■ **Task**
Starting at the line holding "Family Fun Motorhome-Adventures" and finishing at the line holding "Mazda 3 image 1", transcribe the material exactly, keeping both ends but no pictures.

■ **Supplied material**
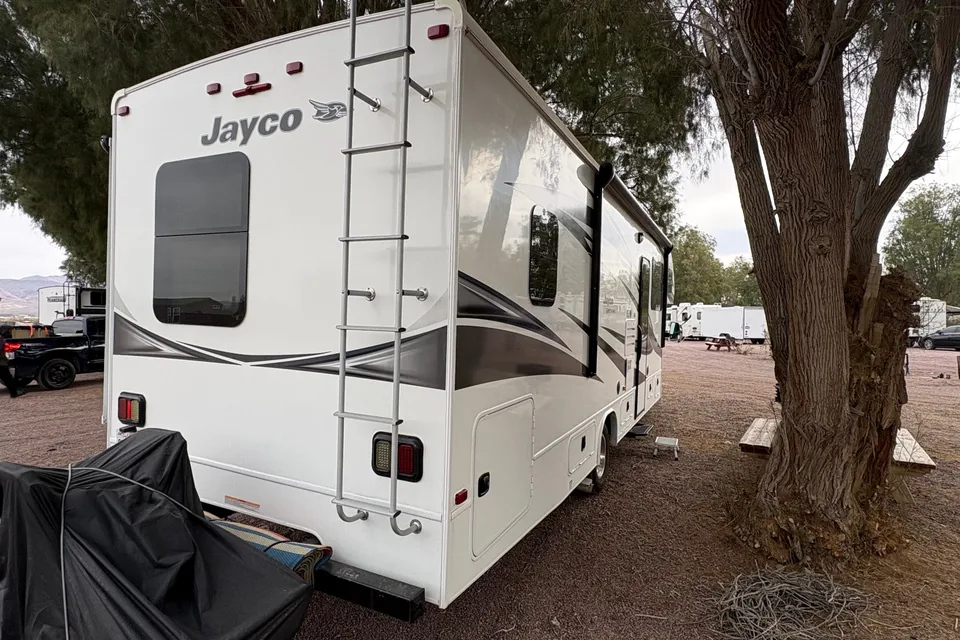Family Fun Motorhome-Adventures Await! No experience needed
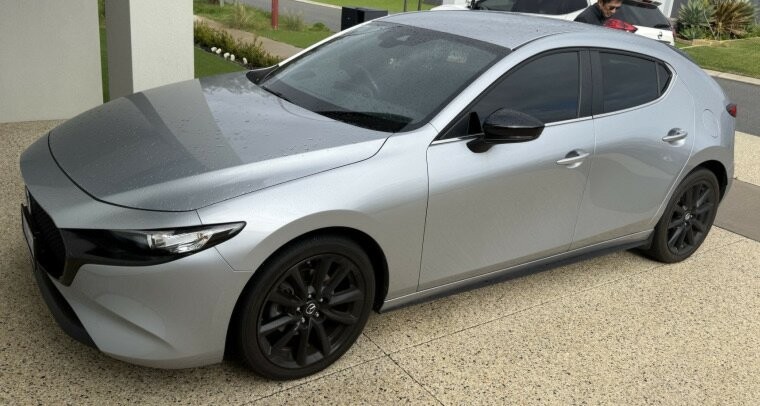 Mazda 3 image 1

---

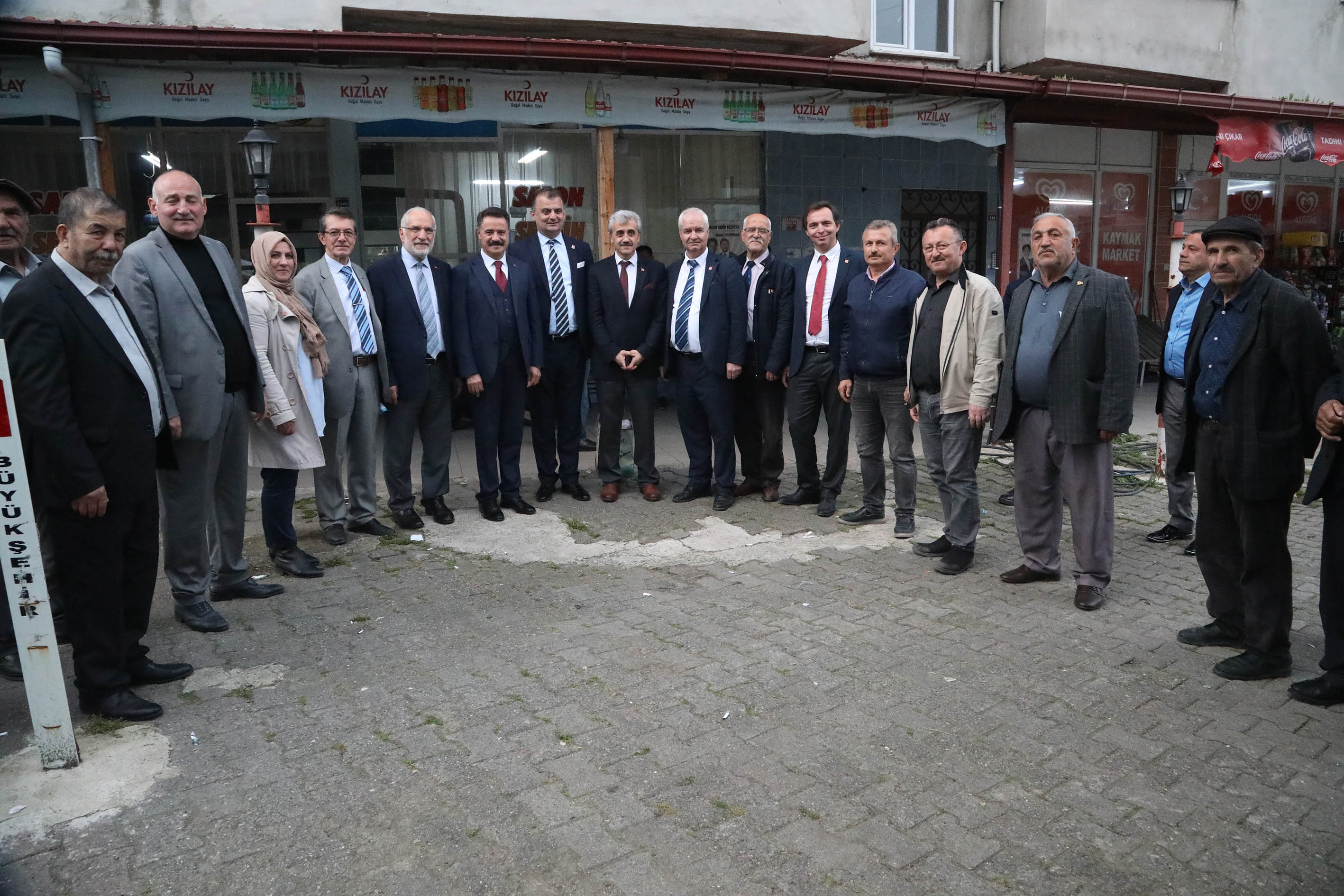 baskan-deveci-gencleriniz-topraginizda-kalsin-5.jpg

■ **Solved exercise**
Family Fun Motorhome-Adventures Await! No experience needed
 Mazda 3 image 1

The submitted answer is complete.